--- START ---

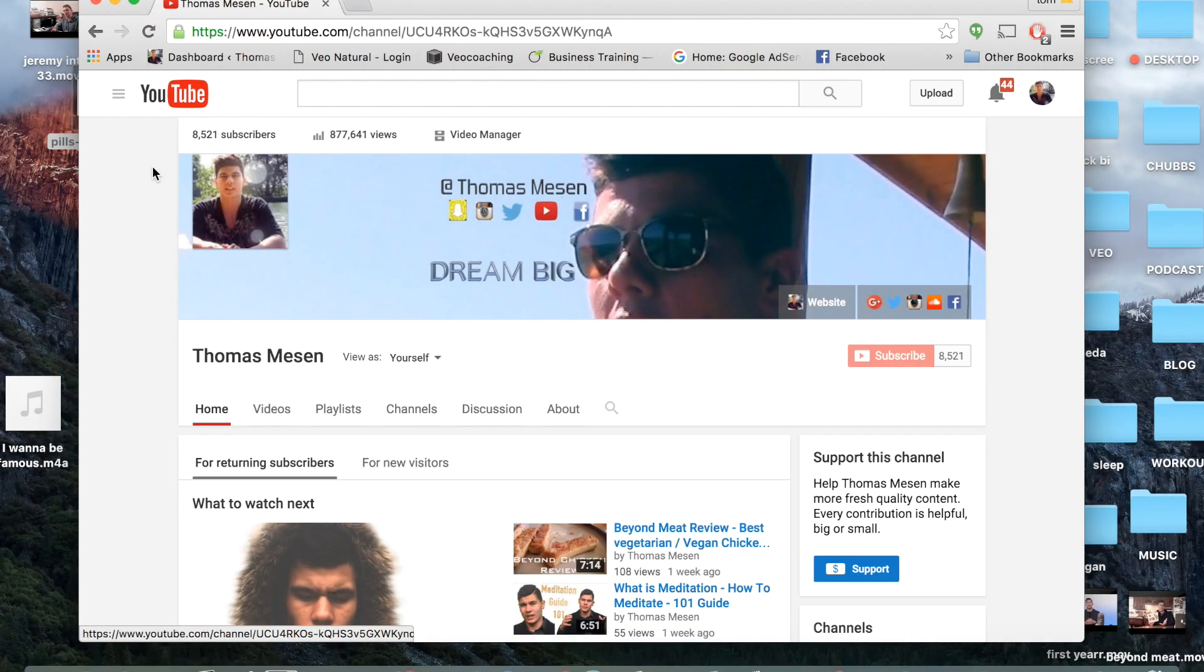What is going on guys? Mr. Thomas Messon here and this is Messon Tech. This is going to be a little series helping you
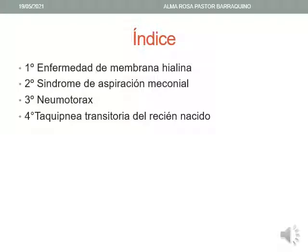Para una mejor comprensión del tema, hemos dividido el mismo en cuatro partes. La primera corresponde a la enfermedad de membrana hialina o síndrome de distrés respiratorio tipo 1. Las tres siguientes corresponden al síndrome de distrés respiratorio tipo 2 y son el síndrome de aspiración meconial, el neumotórax y la taquipnea transitoria del recién nacido.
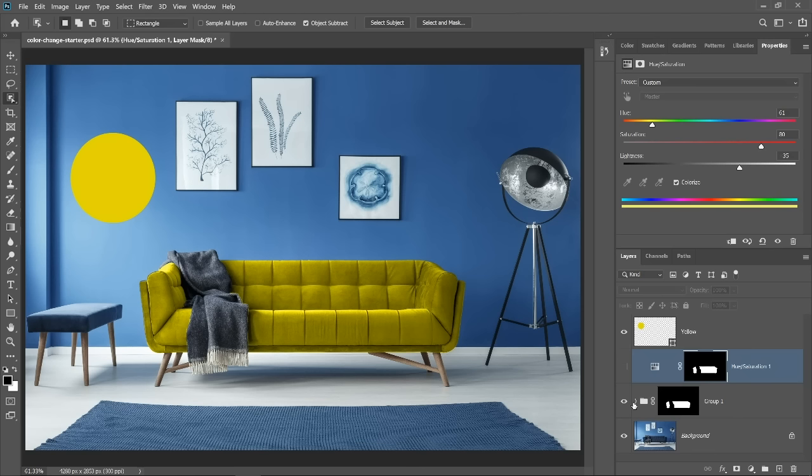Now that you know how to match colors in Photoshop, go ahead and try this color matching technique on your photos.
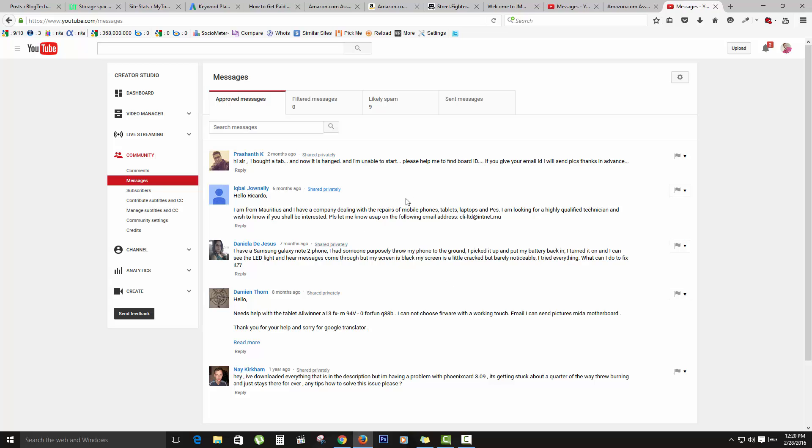Now this is the inbox that you're normally used to. As I said, YouTube likes to move it around. I don't know why they have decided to put it under the Community section and just beneath Comments as a submenu.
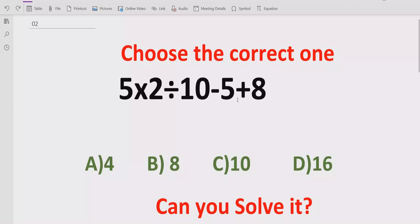Hello guys, welcome to my channel. Today we will solve another quiz which is related to arithmetic expression. The quiz contains the basic operations: plus, minus, multiplication, and division. We have to solve this quiz using BAMDAS and BODMAS method and find out the correct answer.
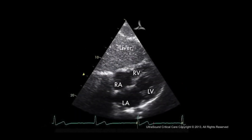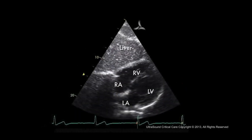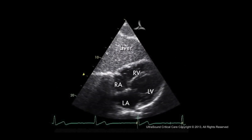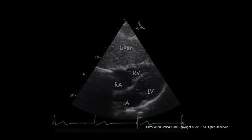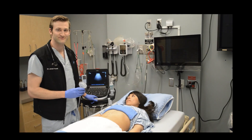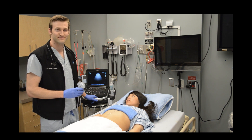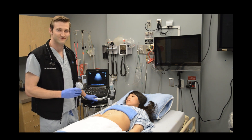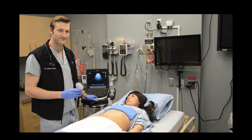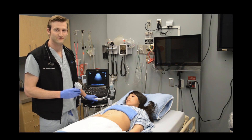This image is labeled as the right ventricle, right atrium, left ventricle, and left atrium. The goal of the subxiphoid view is to provide a brief and limited evaluation of gross cardiac contractility and to check the pericardium for fluid.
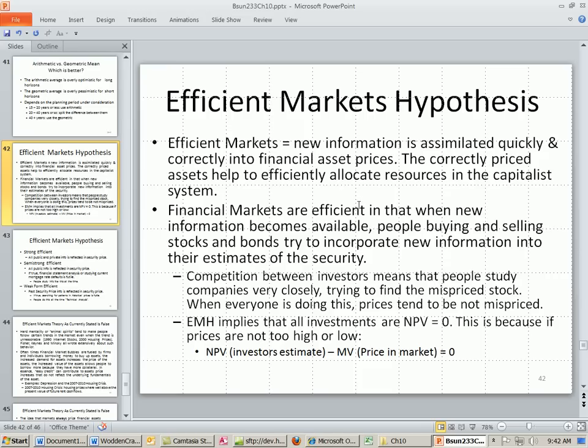The problem with this is that evidence in history shows that these markets are not efficient in the short term.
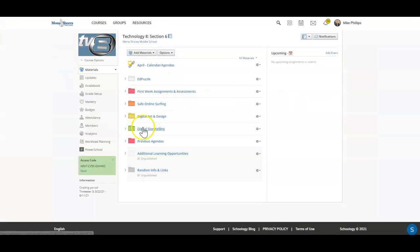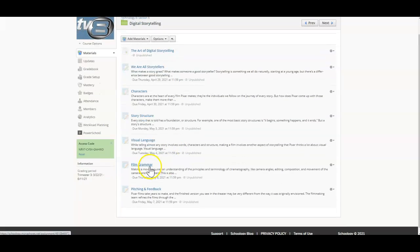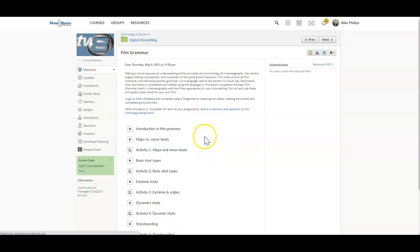Head over to Schoology, inside of digital storytelling, and our film grammar assignment.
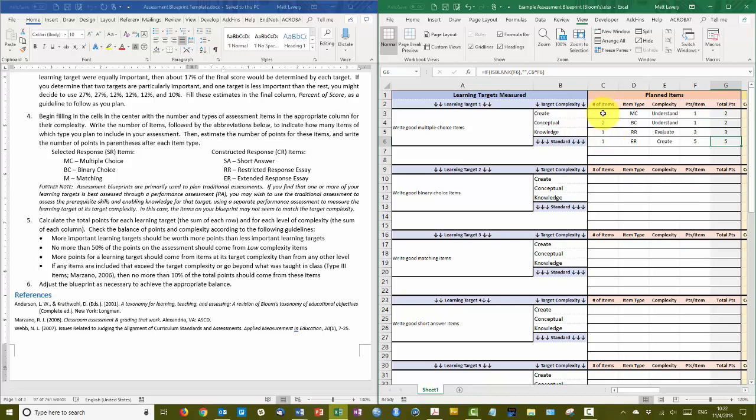So: ten multiple choice, ten binary choice, and ten essays — five restricted response and five extended response. I think that's plenty long enough for an assessment.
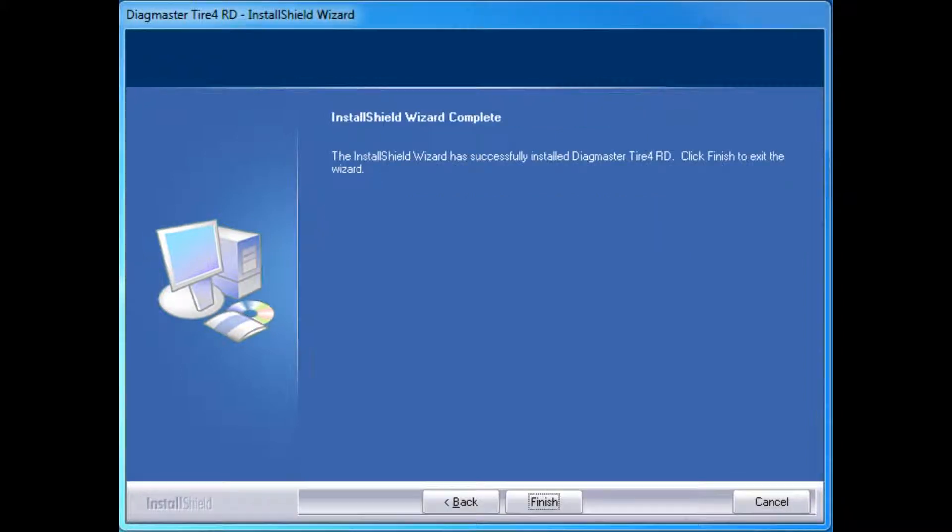When this screen appears, the installation of this file is complete. Click Finish.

--- END ---

[Task prompt] Each line from the start of the listing above through the line with "Para una mejor" is what to output, exactly as written and without pictures.

[Exercise answer]
What is going on guys? Mr. Thomas Messon here and this is Messon Tech. This is going to be a little series helping you
Para una mejor comprensión del tema, hemos dividido el mismo en cuatro partes. La primera corresponde a la enfermedad de membrana hialina o síndrome de distrés respiratorio tipo 1. Las tres siguientes corresponden al síndrome de distrés respiratorio tipo 2 y son el síndrome de aspiración meconial, el neumotórax y la taquipnea transitoria del recién nacido.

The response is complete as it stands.